Smith’s eyes shone as he handed Fitzsimmons the reins. He quietly saddled Seabiscuit while Fitzsimmons stood at the head of the horse he had lost. In a few moments the horse was ready, and Fitzsimmons passed the reins back and stepped away.12 Smith turned back to his horse and collected himself. It was, he would say later, the greatest moment of his life.
Ten minutes later Seabiscuit finished in a dead heat for first with a horse named Heelfly, who carried fifteen fewer pounds. In the jockeys’ room, Pollard surely never heard the end of it: George Woolf had ridden Heelfly.
The meeting with War Admiral, slated for the Washington Handicap, was just two weeks away.
A storm front rolled in and stalled over Maryland, drenching the track day after day. Smith urged Howard to pass on the entry in the Washington Handicap. Howard, ever the optimist, insisted that the track would be dry, and entered the horse. He was wrong. The morning of the race, an inspection of the track revealed a boggy surface, especially along the rail, where Seabiscuit preferred to run. This time they would not be pressured into starting. Seabiscuit was scratched. With Smith watching from the track apron, War Admiral led from wire to wire, winning easily.
After the race, Howard learned that members of the Riddle barn were publicly mocking him for being afraid of War Admiral.13 He was furious. Though both horses were still entered in the Pimlico Special and Riggs Handicaps, each race would feature a full field. Howard and Smith much pre
ferred that the horses meet in a definitive one-on-one match, in which no other horses could cause interference or otherwise affect the outcome. Howard again tried to arrange a match race.

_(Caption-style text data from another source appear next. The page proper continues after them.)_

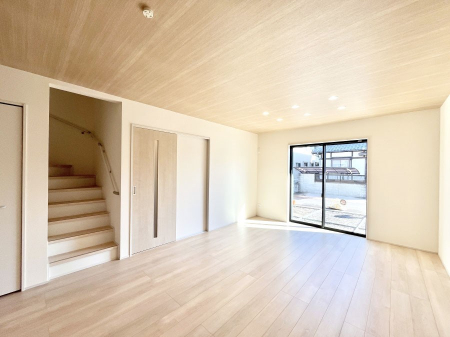 ���r���O�@���r���O�K�i���Ƒ��̏Ί�Ɖ�b���Ȃ��ł���܂�  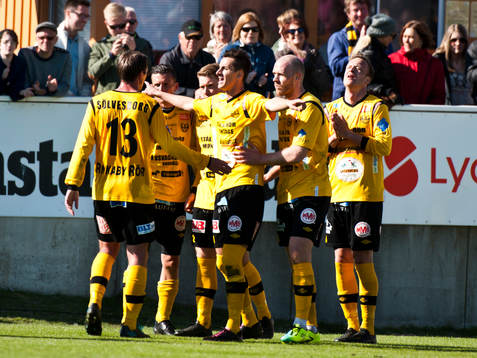  Markus Ekenberg,  efter att ha gjorde målet från straff, tackar högre makter, jubel, Mjällby
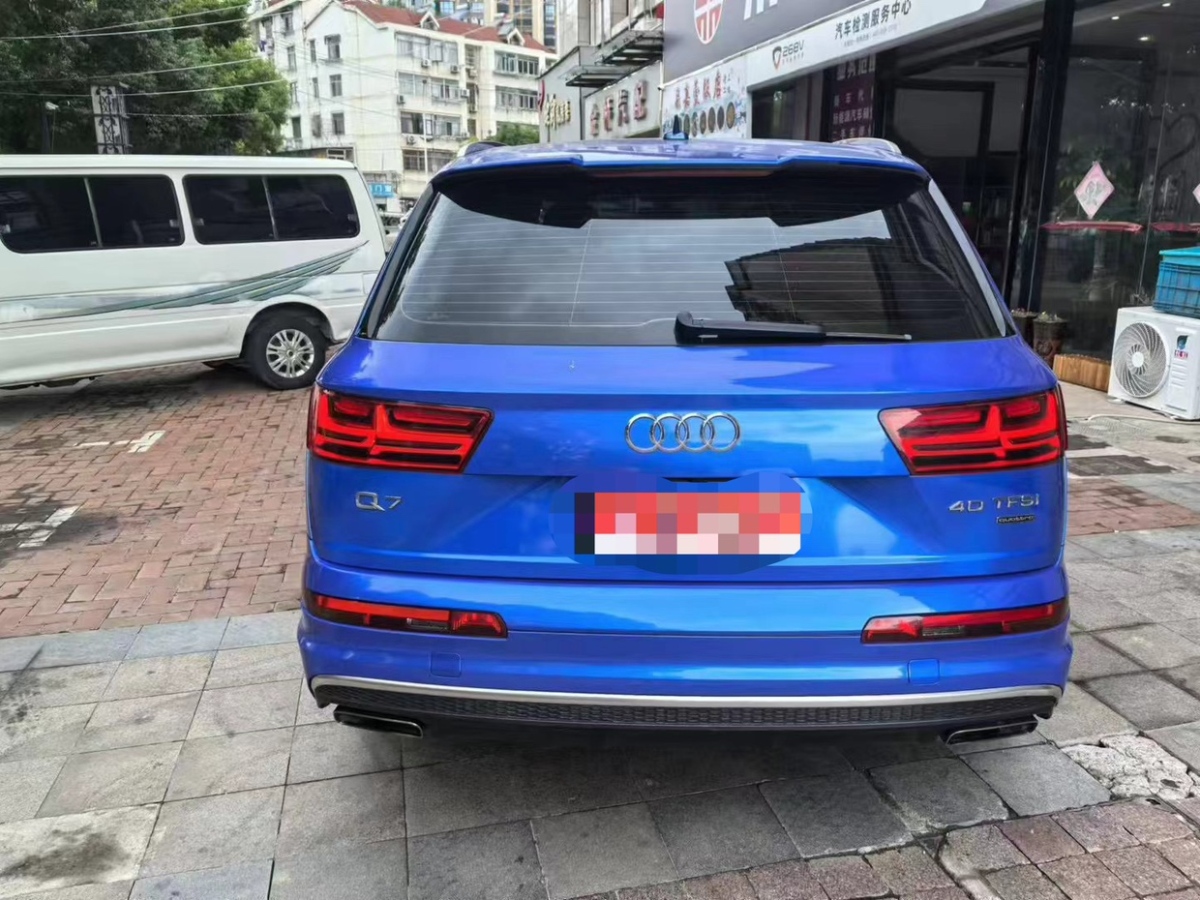 奧迪 奧迪Q7  2016款 40 TFSI S line運(yùn)動(dòng)型圖片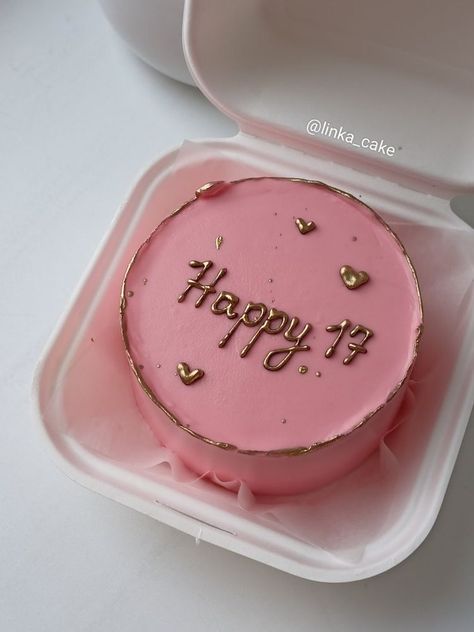 Mini Cake Decorating Ideas: Get Creative with Your Tiny Treats Cake Aesthetic Minimalist, Minimalist Birthday Cake, Birthday Cake Simple, Birthday Cake Aesthetic, Minimalist Cake, 17 Birthday Cake, Small Birthday Cakes, Minimalist Birthday, Mini Torte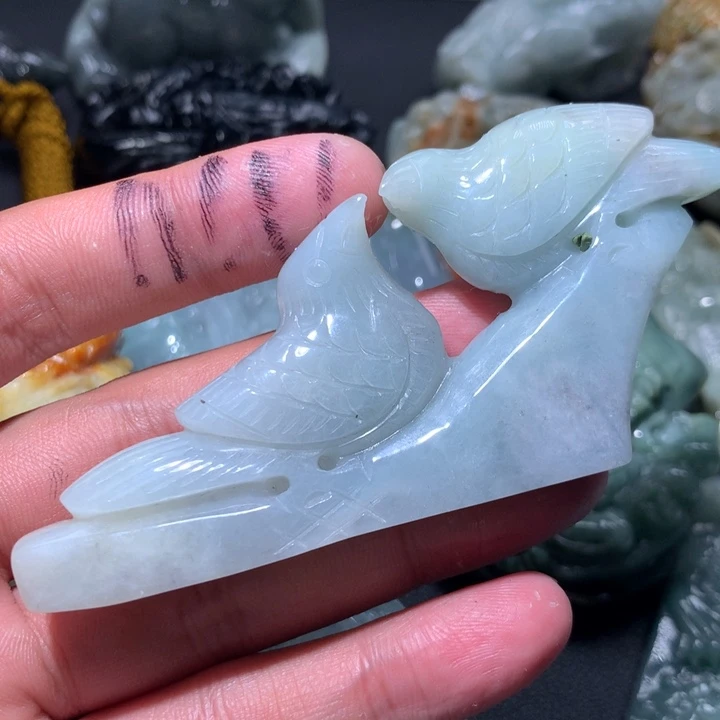 翡翠未镶嵌颈饰保真天然a货翡翠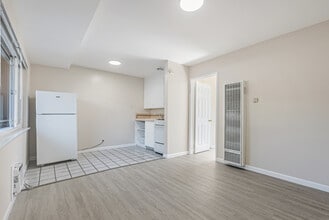 Sandpiper Apartments in Walnut Creek, CA - Foto de edificio - Building Photo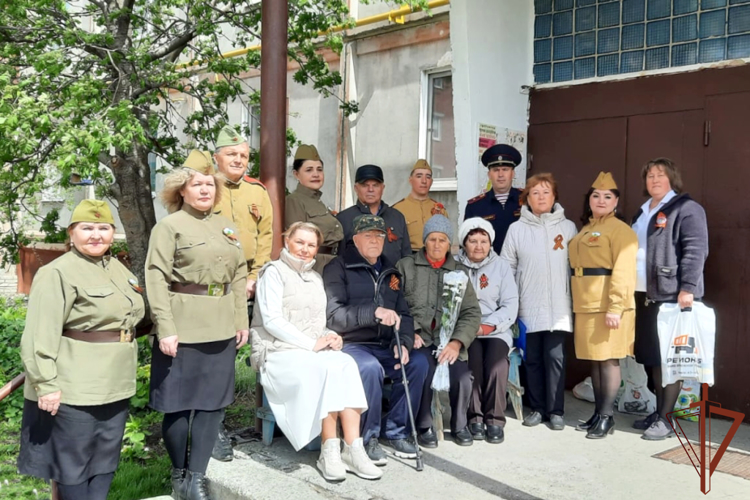 На Урале росгвардейцы поздравили с Днем Победы ветеранов Великой Отечественной войны и тружеников тыла 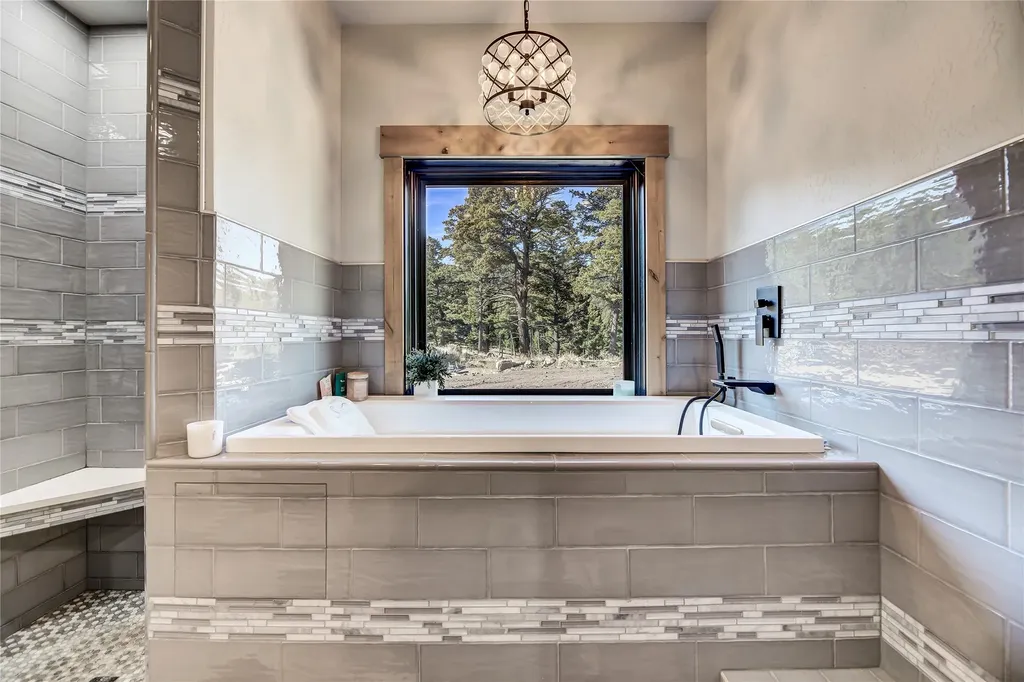 37 Quartz Creek Road Clancy MT 59634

The man he approached was Alfred Gwynne Vanderbilt, Jr. A dead ringer for actor Jimmy Stewart, Vanderbilt was a gangly twenty-five-year-old whose gentle, self-effacing manner belied his fabulous wealth.14 His father was heir to the Vanderbilt railroad and oceanic shipping fortune; his mother’s father had invented the fantastically lucrative Bromo-Seltzer. In May 1915, when a German submarine torpedoed the Lusitania and sent the liner and Alfred’s father to the bottom of the Atlantic, two-year-old Alfred had inherited $5.8 million in government bonds, a fortune augmented by $2 million more and a sprawling Maryland property when he turned twenty-one in 1933. Dubbed the nation’s most eligible bachelor, Vanderbilt eschewed the debauchery that would have tempted other men fresh out of their teens and into a bottomless bank account. He had fallen madly and intractably in love with horse racing from the moment he saw his first race as a child, and knew where he wanted his money to go. He bought controlling interest in Baltimore’s legendary but struggling Pimlico Racecourse and set out to restore its glory. In spite of his youth, he proved to be an imaginative and effective businessman. He revolutionized Pimlico, installing a public-address system and a modern starting gate and leveling out the large hill in the infield that had given the track its nickname—“Old Hilltop”—but obstructed the view of the races. By the fall of 1937 Pimlico was beginning to make a comeback, but progress was slow. Vanderbilt wanted a headliner.
Howard recognized Vanderbilt’s tremendous influence and powers of persuasion, and knew that Pimlico needed his horse. He proposed that Vanderbilt try to host a meeting between Seabiscuit and War Admiral. He told him that he’d take a match at any distance from a mile to a mile and a quarter, anytime the track was fast. He offered to run against the colt for a small purse or simply for a winner’s cup. “I believe Seabiscuit can beat War Admiral,” he said.15 “Maybe I’m wrong, but I’m willing to run against him to test the theory. It is all up to Mr. Riddle.” Vanderbilt approached the elder horseman with an offer for a match race for $50,000. Riddle declined.